Smartphones were rated as twice as popular as desktop PCs, favoured by 22 percent and, perhaps unexpectedly, three times as popular as tablets.
What is driving this is a need to stay connected at all times Cisco said.
“If you look at the sales of smartphones and tablets, outstripping the sales of desktops last year for the first, we clearly see that trend continuing,” Chew said. “In the workforce, people are going to be looking for the level of connectivity, regardless of whether they are on a smartphone or a laptop, working from home or from an office.”
He said that security is a big consideration in terms of bringing mobile devices into the workplace.
“In terms of infrastructure, what we need to be able to do is make sure that our security policies are sophisticated and flexible enough to support people on different devices in different environments.”
There are also concerns from the device user perspective, with the ease of use mobile devices in the workplace having a large impact on just how quickly changes occur.
What is potentially important is that putting BYOD and mobility systems in place could be key to attracting top level staff in future, Chew said, and this means organisations need to be prepared for any changes.
“If you want to attract the high calibre employees that are coming through, over time they will expect to have the same kind of access to applications and services in work in the same way as they would in their private lives,” he said. “Companies are going to have to think about having the right kind of security and profile policies to support that over time.”
In addition there is another challenge on the horizon for IT staff, the prospect of bring your own device.
66 percent of respondents in the UK say that they find the use of applications important.

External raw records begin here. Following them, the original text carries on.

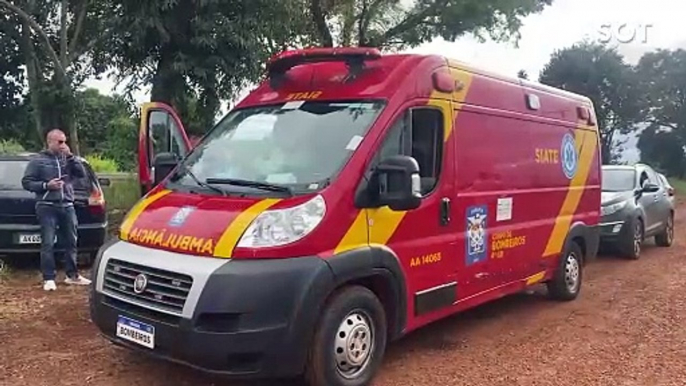 Trabalhador sofre choque elétrico em usina fotovoltaica as margens da BR-369 em Cascavel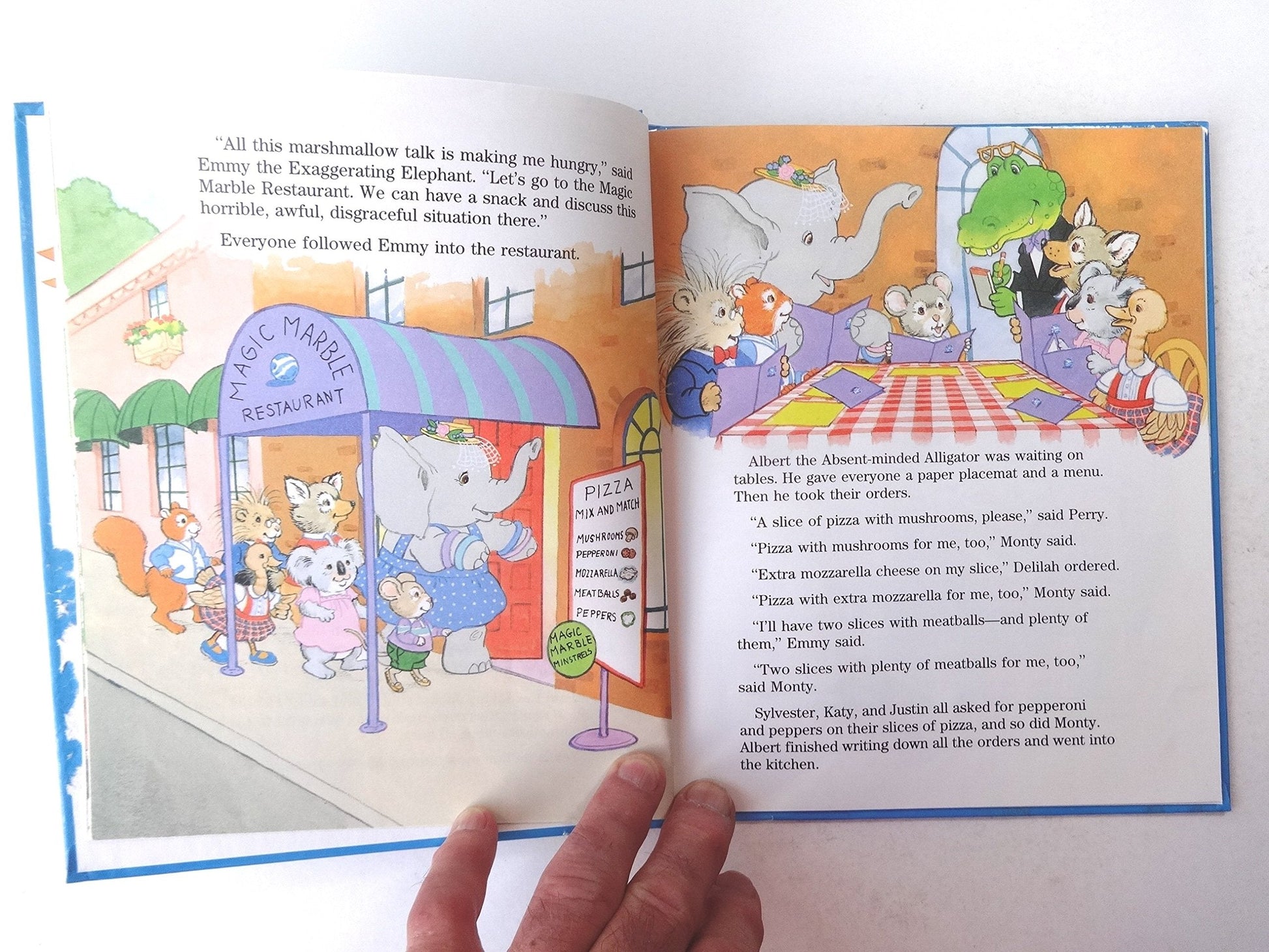 Monty see, Monty do (AlphaPets) used book depot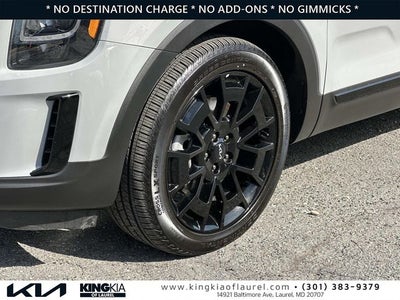 2022 Kia Telluride SX | AWD | CPO
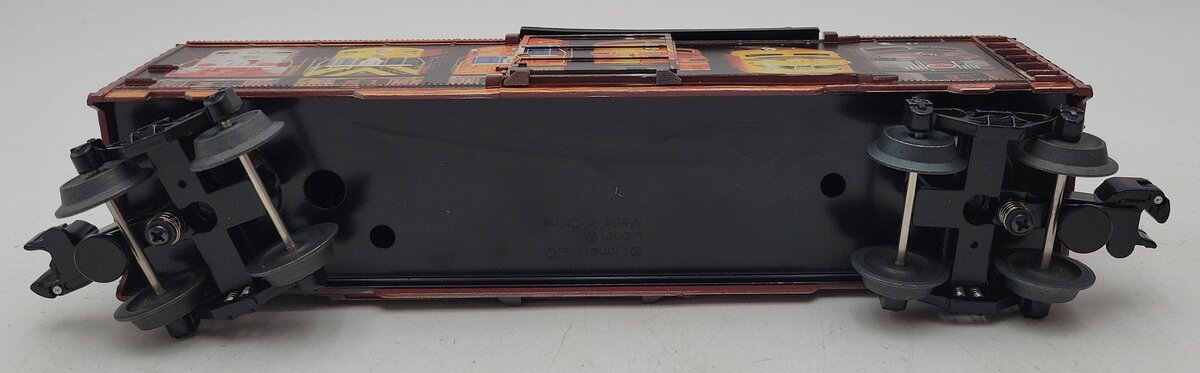 Lionel 2038110 O Gauge Angela Trotta Well Stocked Shelves Boxcar LN/Box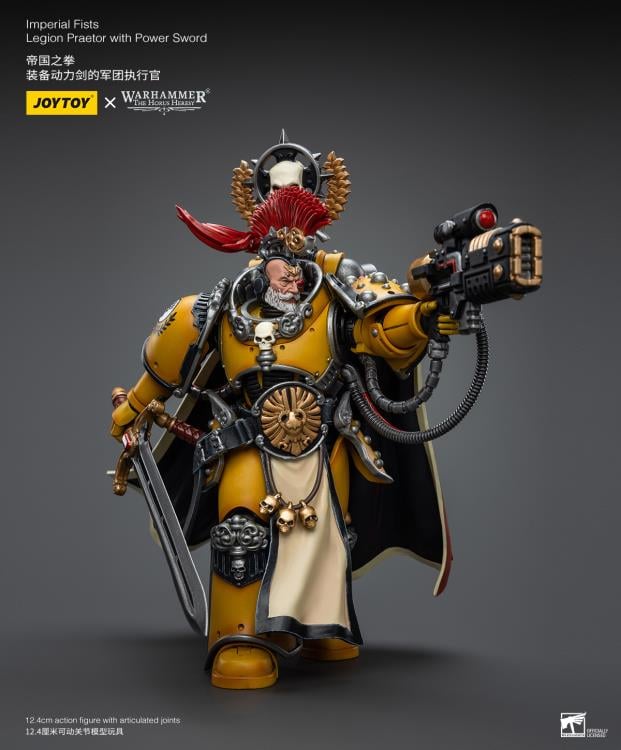 Warhammer 40K - The Horus Heresy - Imperial Fists - Legion Praetor with Power Sword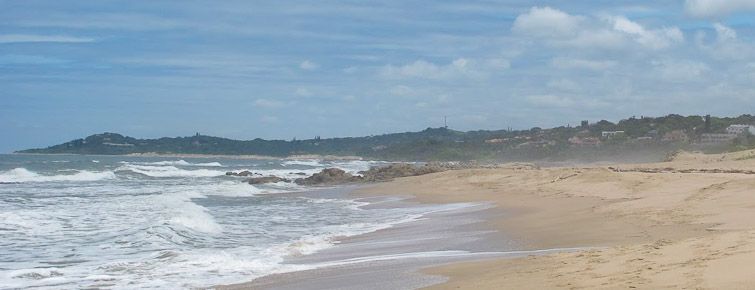 Southbroom coastline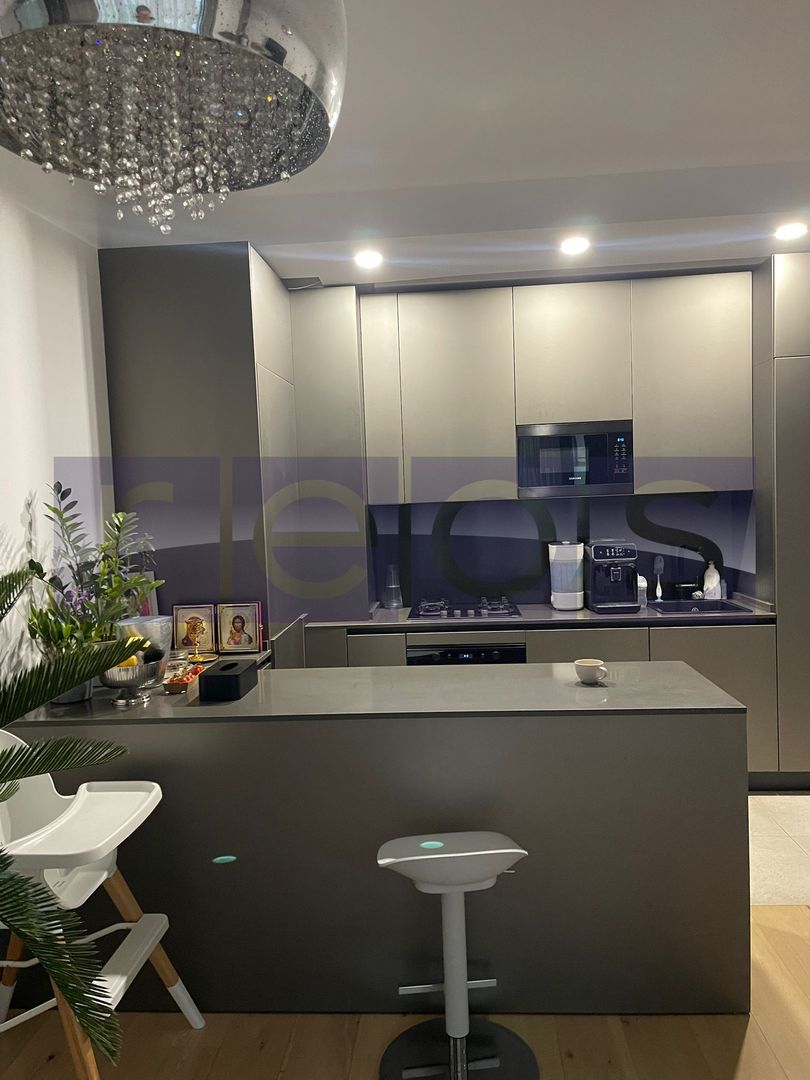 VANZARE APARTAMENT MOBILAT LUX | 3 CAMERE | CURTE 70MP | HERASTRAU | - Poză 6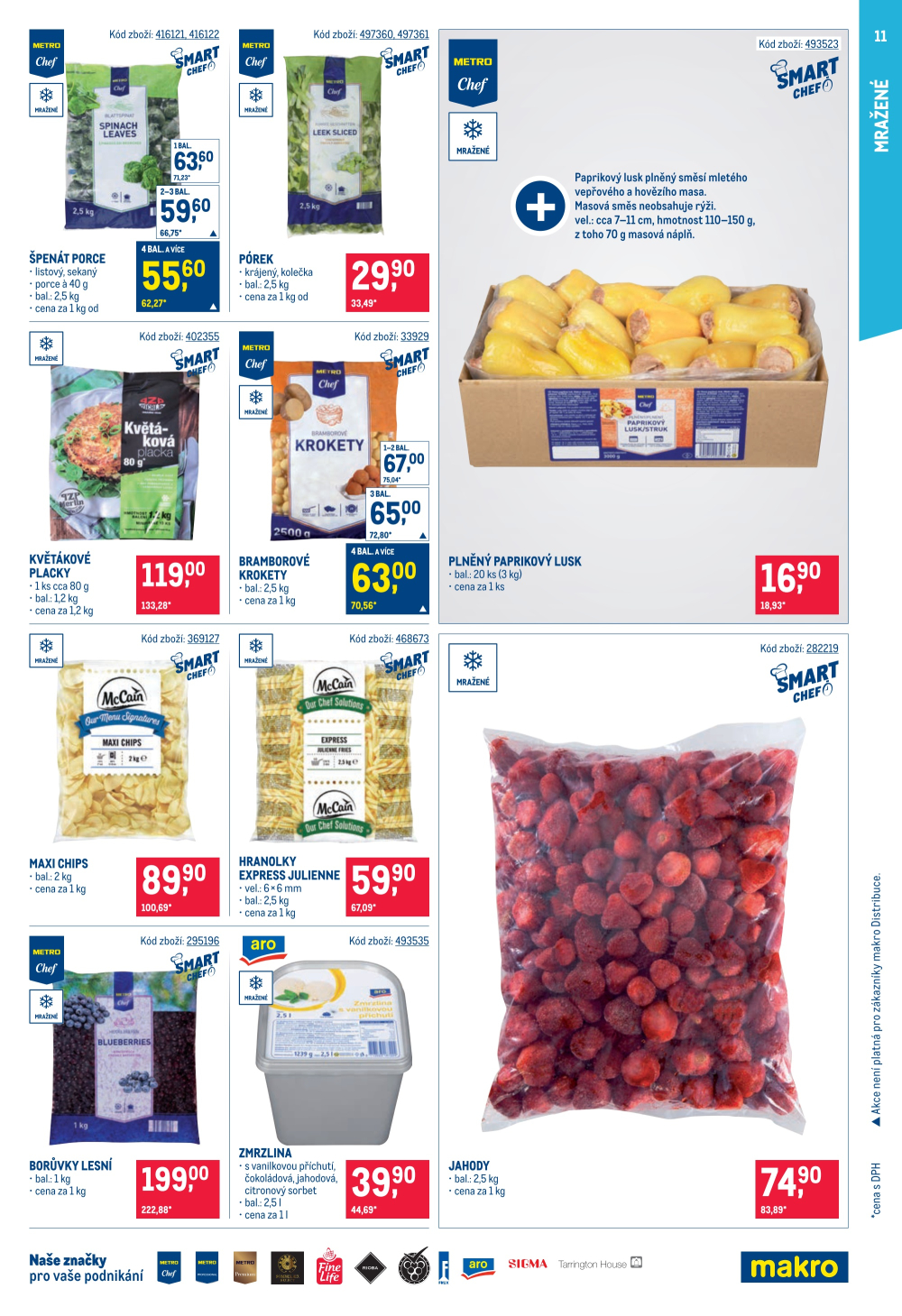 Leták Makro leták - Gastronomie - strana 11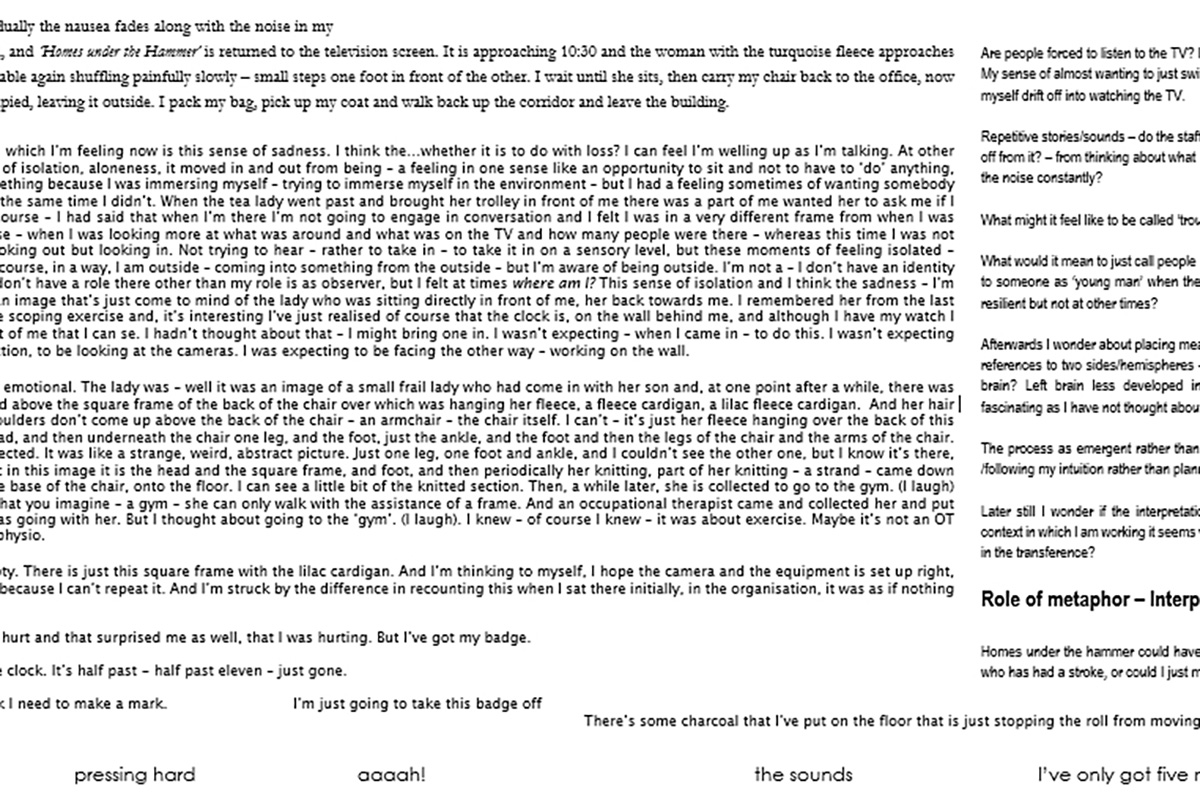 Roland Barthes Reading Group slide 1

A significant proportion are using between one to nine apps, while 20 percent are using ten or more on a regular basis. Although, currently, 18 percent predominantly use apps for work purposes, Cisco expects this number to grow “dramatically”. While this is likely to mean employees increasingly using apps developed by a company itself, there is also expected to be an increase in the number of third party apps. This is likely to cause headaches for IT departments having to mitigate security risks.
However Chew expects attitudes to shift in future. “Over time people will take less draconian views on using common applications that are publicly available.”